Stored data
>>
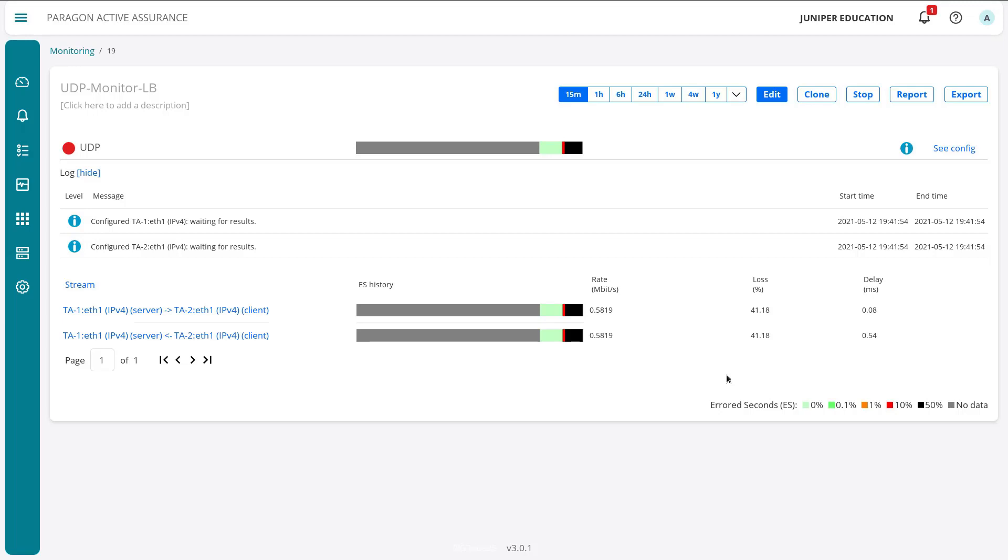With that, I'm going to jump to that service provider router that I have on another screen and roll back that change to fix the problem. In this scenario, if this were a production environment, you would have some sort of alarm set up and you would be alerted right away that there's something wrong with this monitor, we're losing traffic. This would allow you to quickly address the problem before users started opening tickets, and that's the whole point of Paragon Active Assurance.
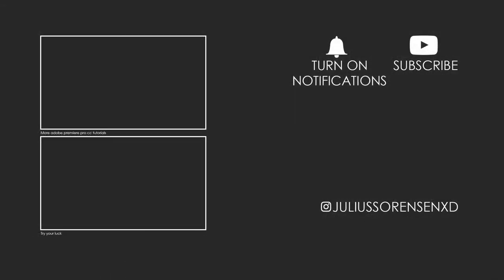I hope you enjoyed it. Please consider subscribing and dropping a comment letting me know what you think. Also, if you want to see more of me then make sure to follow me on Instagram at julisaurusnxd. Tomorrow there will be a new tutorial as always. See you. Bye.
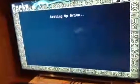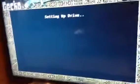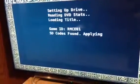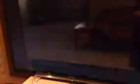Then it'll come up — click Launch Game. It should say 'SD codes found, applied.' If it says 'not found,' well, that just means you forgot to do something — rewatch the video.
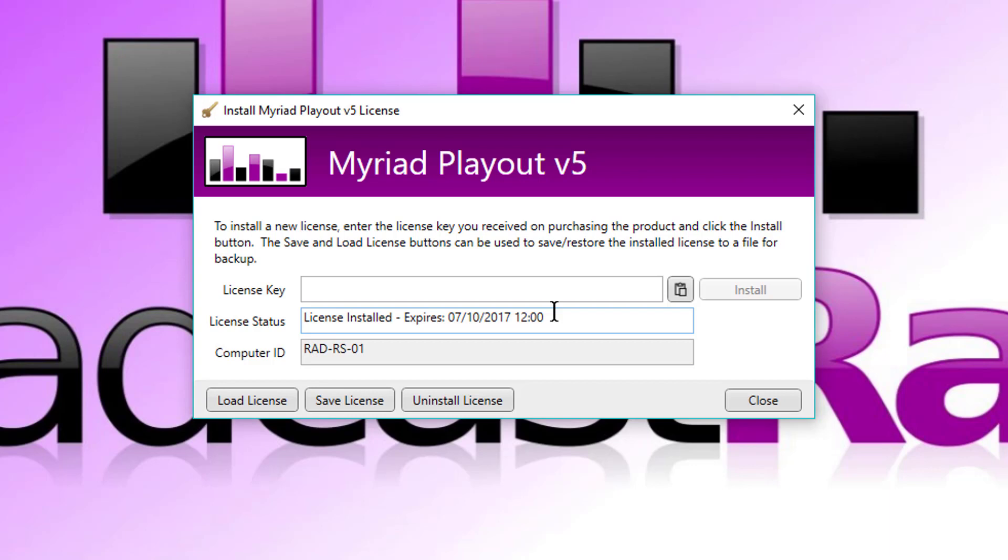But with Myriad 5, the system automatically licenses in the background. So if you're licensing monthly, let's say you're on total subscription and you're licensing monthly, you will not have to contact us to get a new license each month. The system will just quietly renew in the background until such time as you either cancel your subscription, in which case we pause your licensing, or if there's some other reason why it couldn't get on. Obviously, it will need an internet connection in order to do that.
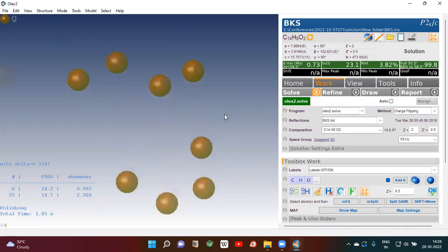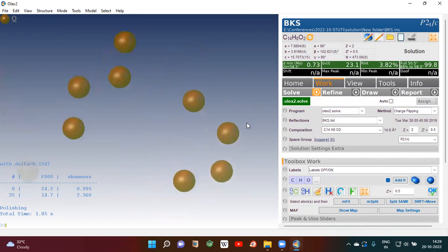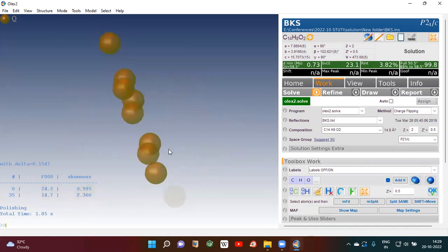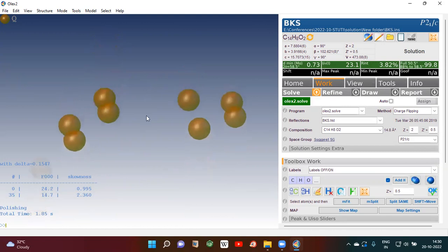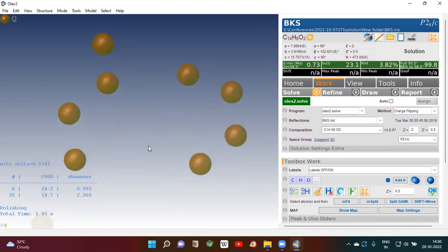You will see some brown color spherical balls. These are electron densities. The program is suggesting that you have some electron densities here, which means some atoms could be there. Now if you click here it will connect.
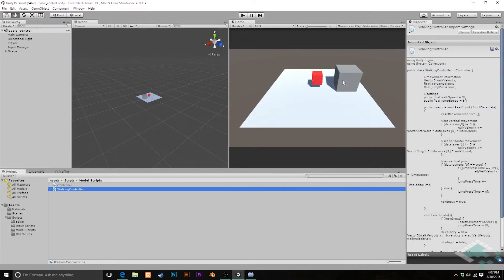Hey everyone, it's Ben from Board2Bits and welcome to part 10 of our series on making a custom character controller in Unity. Quick bit of housekeeping: I did upgrade to Unity 5.4, so you're going to notice my hierarchy looks a little bit different. It shouldn't really impact anything else in this video series. If you haven't upgraded, it'll basically work the exact same way — you'll just notice an icon because of Unity's new multi-scene support. But we're going to be acting as if nothing has changed.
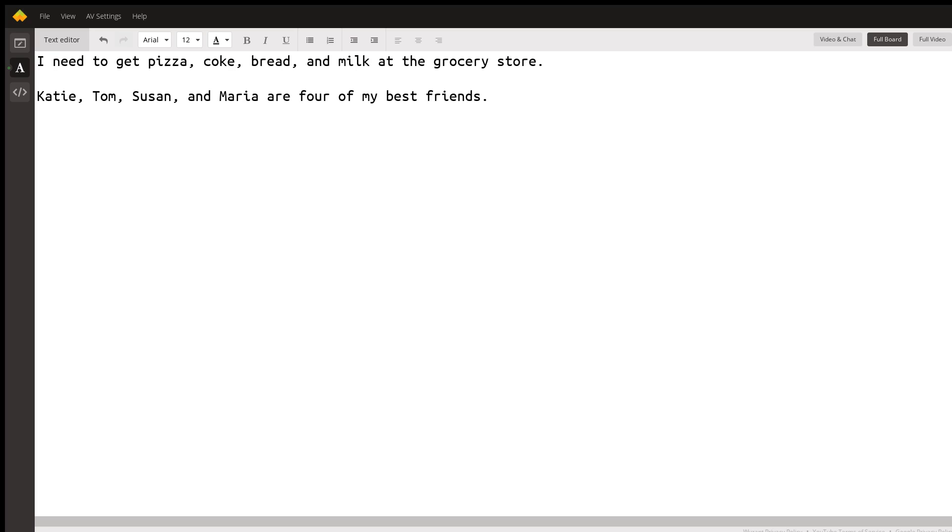No one talks like that. They shouldn't. What they need to do is put commas between those items and pause for about two seconds and then go to the next item.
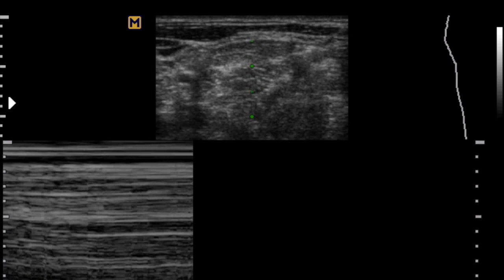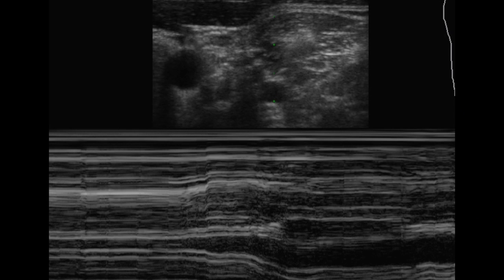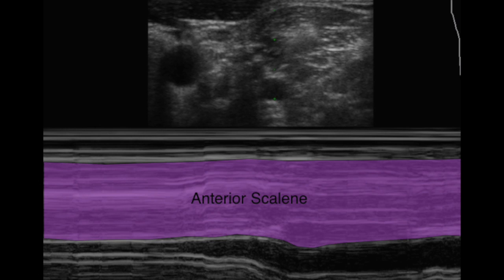The anterior scalene can then be imaged in M-mode to assess any overactivity in the muscle during the contraction of the deep cervical neck flexors. Ultrasound can then be used as a biofeedback tool to inhibit dysfunctional activity.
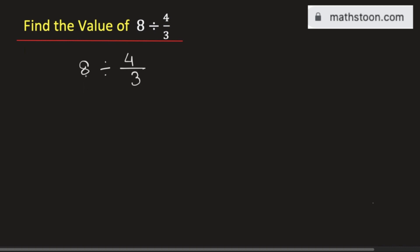The best way to do this is to convert the division symbol to the multiplication symbol. So we get 8 times, and here we need to write the reciprocal of this fraction which is 3 divided by 4.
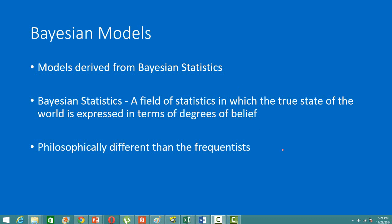In this video, I will talk about what Bayesian models are. Bayesian models are derived from a different branch of statistics known as Bayesian statistics. Most of the models we come across are from the frequentist kind of statistics, but Bayesian models are different. It is a field of statistics in which the true state of the world is expressed in terms of degree of belief, so there is subjectivity involved in finding probability rather than finding it objectively.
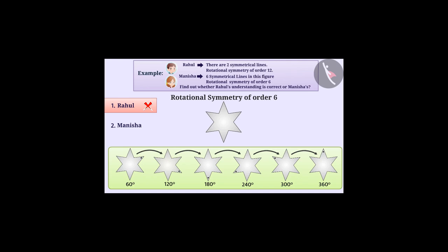From this, we can now say that Manisha's understanding is correct.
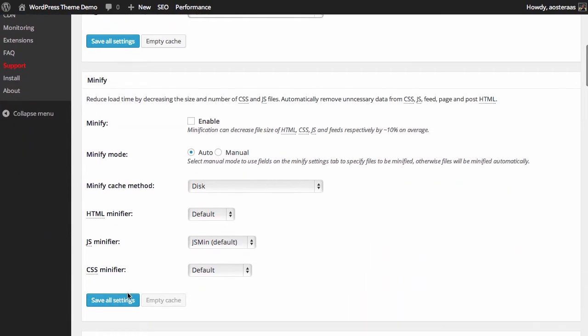The second option we have now is to enable minification. So minification is simply removing any unneeded space in your CSS and JavaScript files. Anytime you see a space or a carriage return, when someone's created a new line, those aren't actually required. They just make that code really easy to read for anyone who wants to read it. So we can enable minification and ultimately the speed gains of minification aren't large, but when you're tweaking your website to run faster every little bit counts and it does all add up.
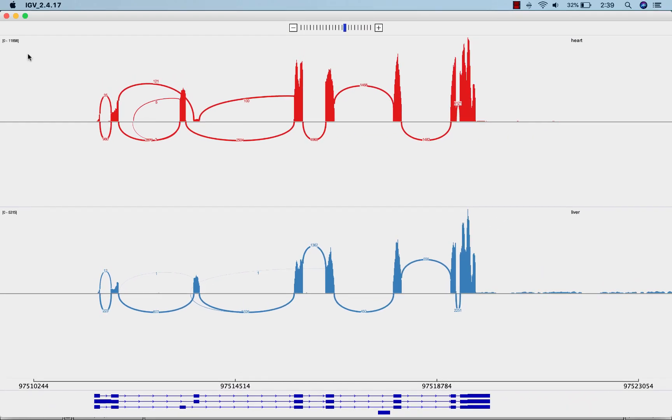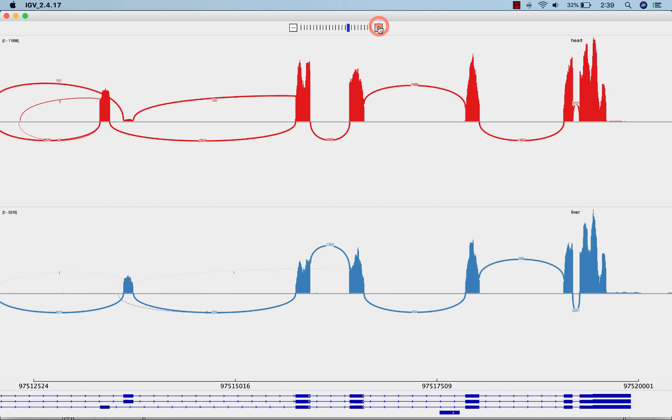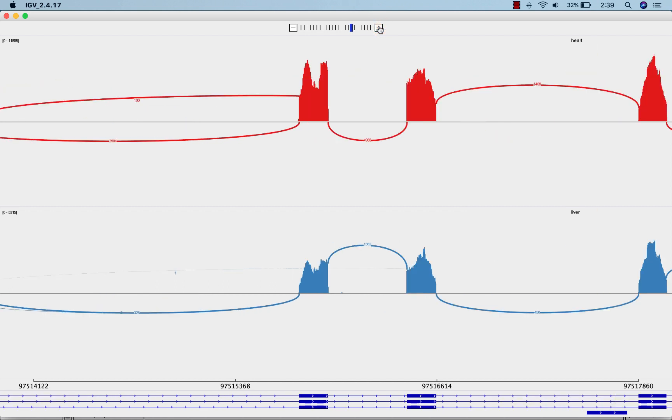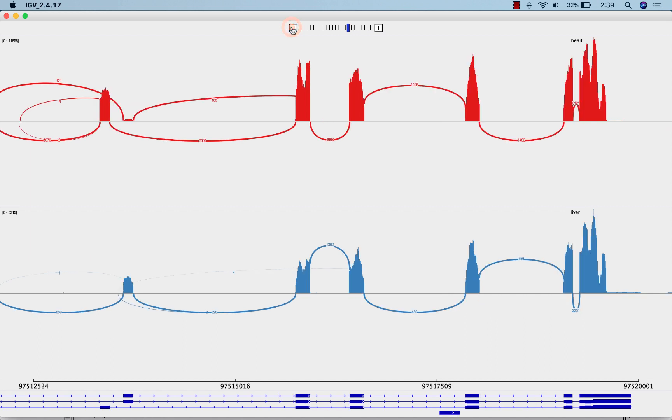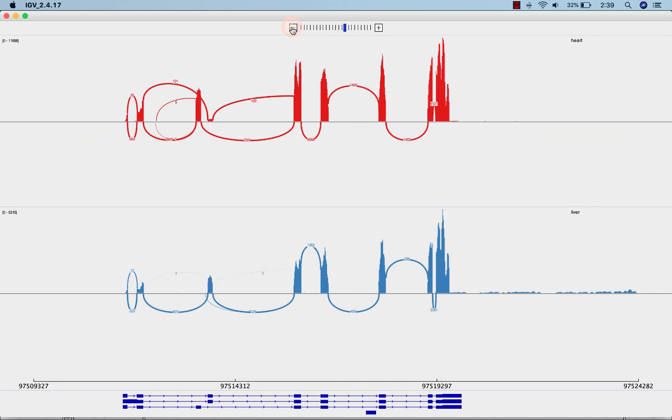In sashimi plots, you can zoom in to see more detail. But you can't zoom out any farther than the zoom level of the IGV window where you initiated the sashimi plot.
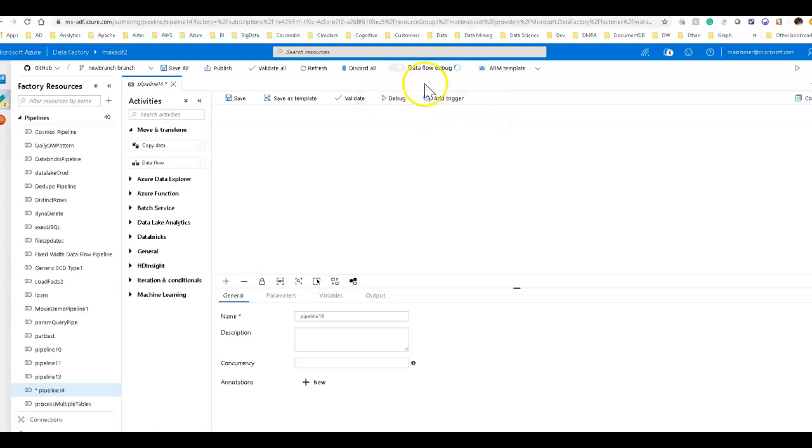So first thing I always do is do that. This will stay alive for 60 minutes past the last thing that you do within your data flow. So if you preview some data, the timer starts after 60 minutes, it times out and goes away.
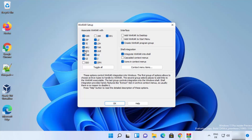On the next window you will see 'Associate WinRAR with' — here you can associate WinRAR with different file extensions. Generally leave everything as default, but in the interface section check the checkbox that says 'Add WinRAR to desktop', which will create a desktop icon. You can also check the option to add WinRAR to the start menu.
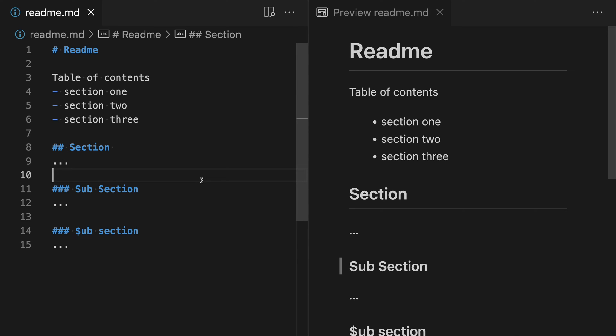When working on a long Markdown document, sometimes you might want to create a link that jumps to a specific section of that document. This can be useful when writing documentation, for instance, and you might even use it in a README. While there's no completely standard way to do this in Markdown, there is a pretty common convention that will work on places like GitHub that we can use, and you can probably find a plugin that will enable something similar for your Markdown engine as well. Let's take a look at how we can do this.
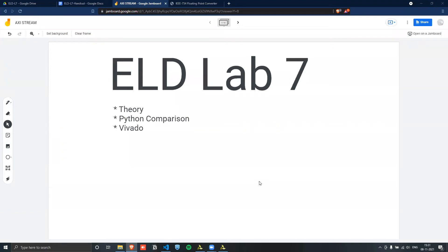Welcome to ELD Lab 7. In this lab, we will be covering how to implement the Fast Fourier Transform IP, which is a floating point standard. So the lab will be of three parts. It will have a theory component, a comparison with Python.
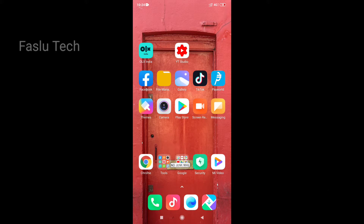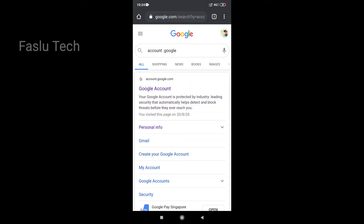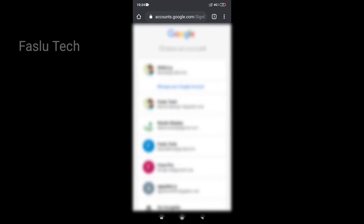We will open the Chrome browser. You can use Google Chrome or any browser. We will use an email address to log in to the browser.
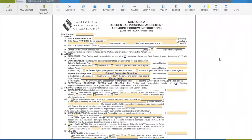Hi, we're going to talk about the situation where you have a seller that owns a property and they must sell their property prior to being able to close escrow on the new property. So it's going to be a contingent sale — a sale contingent upon the sale of another property.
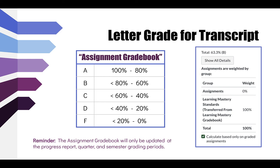The assignment gradebook uses an equal distribution of percentages for each grade: an A is 80 to 100%, and an F is zero to 20%. Based on the previous example, when grades were transferred from the Learning Mastery gradebook, the percentage was 63.3%. Traditionally that would be a D, but with standards-based grading it actually works out to a B. That B grade is what goes onto your transcript at the end of the quarter or semester.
<<
**What you will do**
Of the lines above, copy only those from the one holding "Then it'll come" to the one holding "Hey everyone, it's", both included, and exclude every image.

**The answer**
Then it'll come up — click Launch Game. It should say 'SD codes found, applied.' If it says 'not found,' well, that just means you forgot to do something — rewatch the video.
But with Myriad 5, the system automatically licenses in the background. So if you're licensing monthly, let's say you're on total subscription and you're licensing monthly, you will not have to contact us to get a new license each month. The system will just quietly renew in the background until such time as you either cancel your subscription, in which case we pause your licensing, or if there's some other reason why it couldn't get on. Obviously, it will need an internet connection in order to do that.
You will see some brown color spherical balls. These are electron densities. The program is suggesting that you have some electron densities here, which means some atoms could be there. Now if you click here it will connect.
Hey everyone, it's Ben from Board2Bits and welcome to part 10 of our series on making a custom character controller in Unity. Quick bit of housekeeping: I did upgrade to Unity 5.4, so you're going to notice my hierarchy looks a little bit different. It shouldn't really impact anything else in this video series. If you haven't upgraded, it'll basically work the exact same way — you'll just notice an icon because of Unity's new multi-scene support. But we're going to be acting as if nothing has changed.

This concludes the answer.